In January 2003, a 28-year-old translator at Britain's Government Communications Headquarters received an NSA memo requesting surveillance of UN diplomats to manipulate the Security Council vote authorizing the Iraq invasion. Katharine Gun leaked it to The Observer. She was charged under the Official Secrets Act — a law carrying up to two years in prison. On the day her trial was to begin, the Crown Prosecution Service dropped all charges rather than disclose the Attorney General's legal advice on the war's legality.
On January 31, 2003, Frank Koza — Deputy Director for Regional Targets at the National Security Agency — composed a classified memorandum to his counterparts at Britain's Government Communications Headquarters. Marked TOP SECRET//COMINT//X1, the memo requested GCHQ assistance conducting surveillance operations on six United Nations Security Council delegations: Angola, Cameroon, Chile, Bulgaria, Guinea, and Pakistan.
These were the swing votes. France, Russia, and China — permanent Security Council members with veto power — opposed a second resolution explicitly authorizing military force against Iraq. The United States and United Kingdom needed nine affirmative votes to pass such a resolution. The six nations Koza identified represented the difference between UN authorization and proceeding without international legal cover.
Koza's memo specified the operation should collect "the whole gamut of information that could give US policymakers an edge in obtaining results favorable to US goals." This included diplomatic communications, negotiating positions, and personal information about delegation members. The memo referenced ongoing NSA collection efforts and requested GCHQ increase its intelligence gathering on these specific targets during the critical February-March 2003 negotiating period.
The memo arrived at GCHQ's Cheltenham headquarters through routine intelligence-sharing channels established under the 1946 UKUSA Agreement. As a Mandarin Chinese translator in GCHQ's intelligence analysis division, 28-year-old Katharine Gun received the memo as part of standard distribution to linguists who might be tasked with related translation work.
Gun had joined GCHQ in 2001 after studying Mandarin at Durham University. By early 2003, she had become increasingly troubled by the British government's justifications for war with Iraq. The intelligence dossier presented to Parliament in September 2002 — which claimed Iraq could deploy weapons of mass destruction within 45 minutes — struck her as exaggerated propaganda rather than sober intelligence assessment.
The Koza memo crystallized her concerns. Here was documentary evidence that the United States and United Kingdom were conducting covert operations to manipulate the United Nations Security Council — the international body whose authorization was legally required for military action under the UN Charter. The operation described in the memo violated the 1946 Convention on Privileges and Immunities of the United Nations, which prohibits host nations from conducting surveillance on diplomatic delegations.
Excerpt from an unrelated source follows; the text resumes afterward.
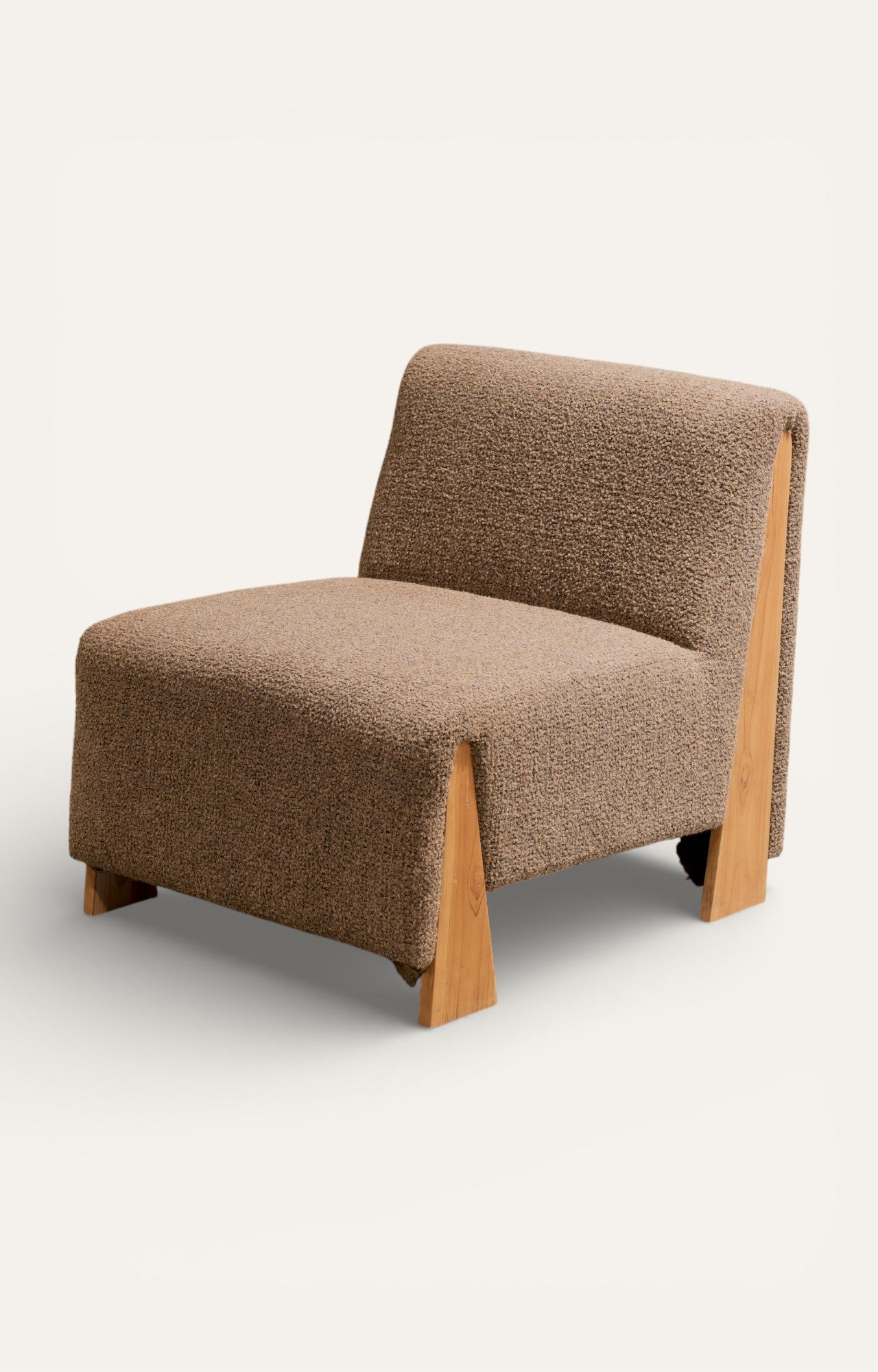 Terra Timber Lounge Chair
"I thought this was illegal. I thought this was immoral. I felt I had no choice but to leak it."
Katharine Gun — The Guardian, 2004Gun spent several days considering her options. She consulted no one within GCHQ's chain of command, knowing any internal objection would be suppressed and likely result in her dismissal without affecting policy. On February 28, 2003, she printed the Koza memo and mailed it anonymously to Yvonne Ridley, a journalist and anti-war activist Gun knew from media coverage of Ridley's 2001 capture and release by the Taliban in Afghanistan.
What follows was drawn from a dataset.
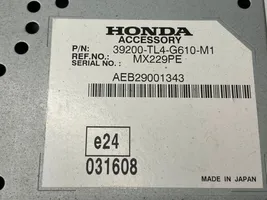 Honda Accord Moduł / Sterownik komfortu MX229PE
Ridley passed the document to Martin Bright, political editor at The Observer newspaper. Bright verified the memo's format and classification markings with intelligence sources but could not definitively confirm its authenticity before publication. Observer editor Roger Alton made the decision to publish despite potential legal exposure under the Official Secrets Act.
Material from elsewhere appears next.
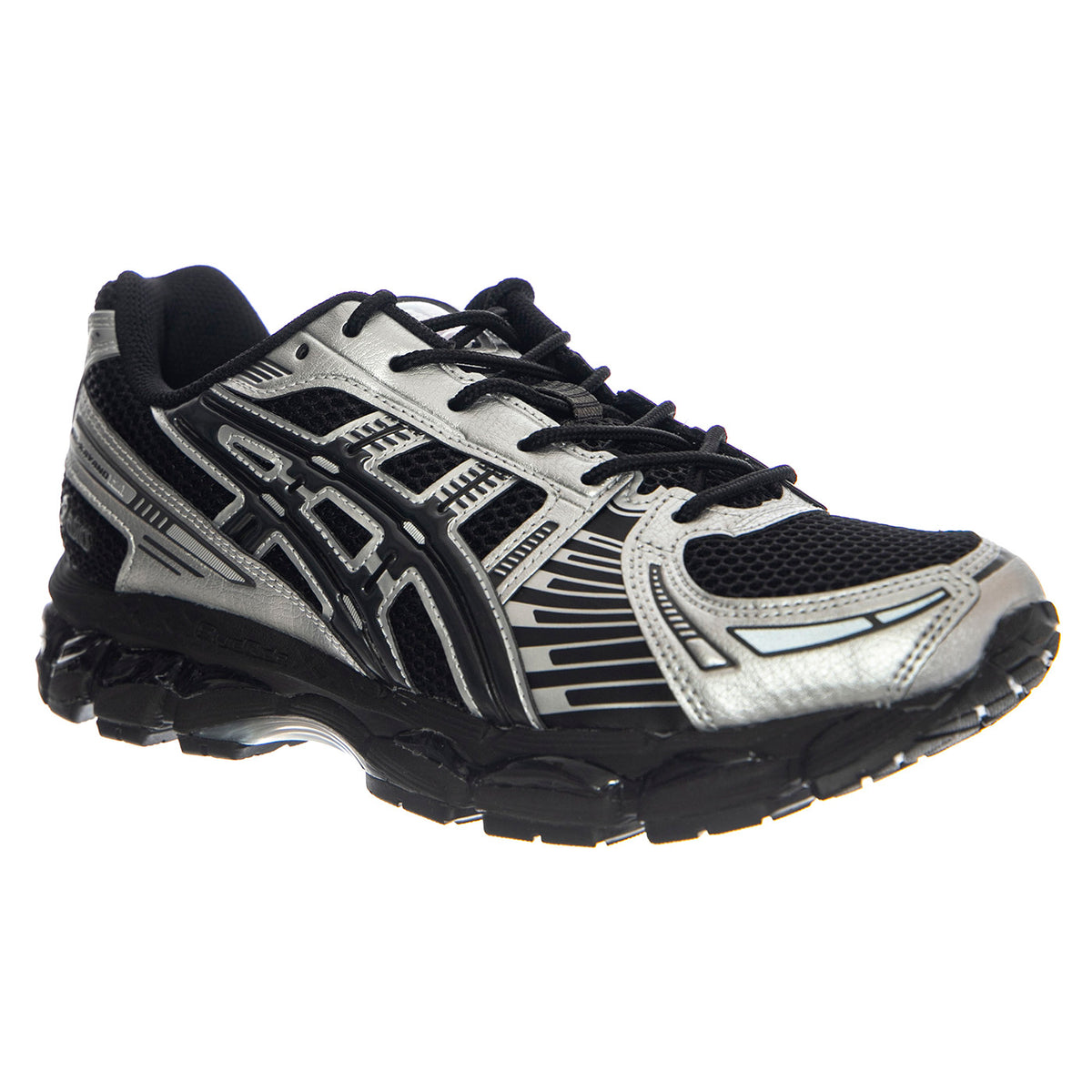 GEL-KAYANO 12.1 Black / Graphite Grey 1203A759-001 . ASICS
On March 2, 2003 — eighteen days before the Iraq invasion began — The Observer published the full text of the Koza memo under the headline "US Plan to Bug Security Council: Secret Document Details American Dirty Tricks Operation." The story detailed the NSA's request for GCHQ assistance conducting surveillance on UN diplomats and quoted the memo's language about securing "results favorable to US goals."
The initial publication contained two minor errors — spellings changed from American to British English — that some used to question the document's authenticity. The Observer corrected these in a follow-up story, explaining they were transcription errors. Neither the NSA nor GCHQ officially confirmed the memo's authenticity, but no US or UK official denied it.
International reaction focused on the legal and ethical implications. UN Secretary-General Kofi Annan called the allegations "very disturbing" if true. Chilean UN Ambassador Juan Gabriel Valdés told reporters his government considered such surveillance "unacceptable and a violation of the UN Charter." The six targeted nations lodged formal protests.
Within intelligence circles, the story prompted different concerns. GCHQ launched an immediate internal investigation to identify the source. The memo had been distributed to approximately 100 analysts and linguists. Investigators focused on employees with recent behavioral changes, anti-war political views, or unusual computer activity.
For eight months, Gun remained unidentified. The investigation proceeded methodically through GCHQ's personnel with access to NSA communications. Gun had left no electronic trace — she printed the memo and mailed it physically, avoiding email or file transfers that would have been logged.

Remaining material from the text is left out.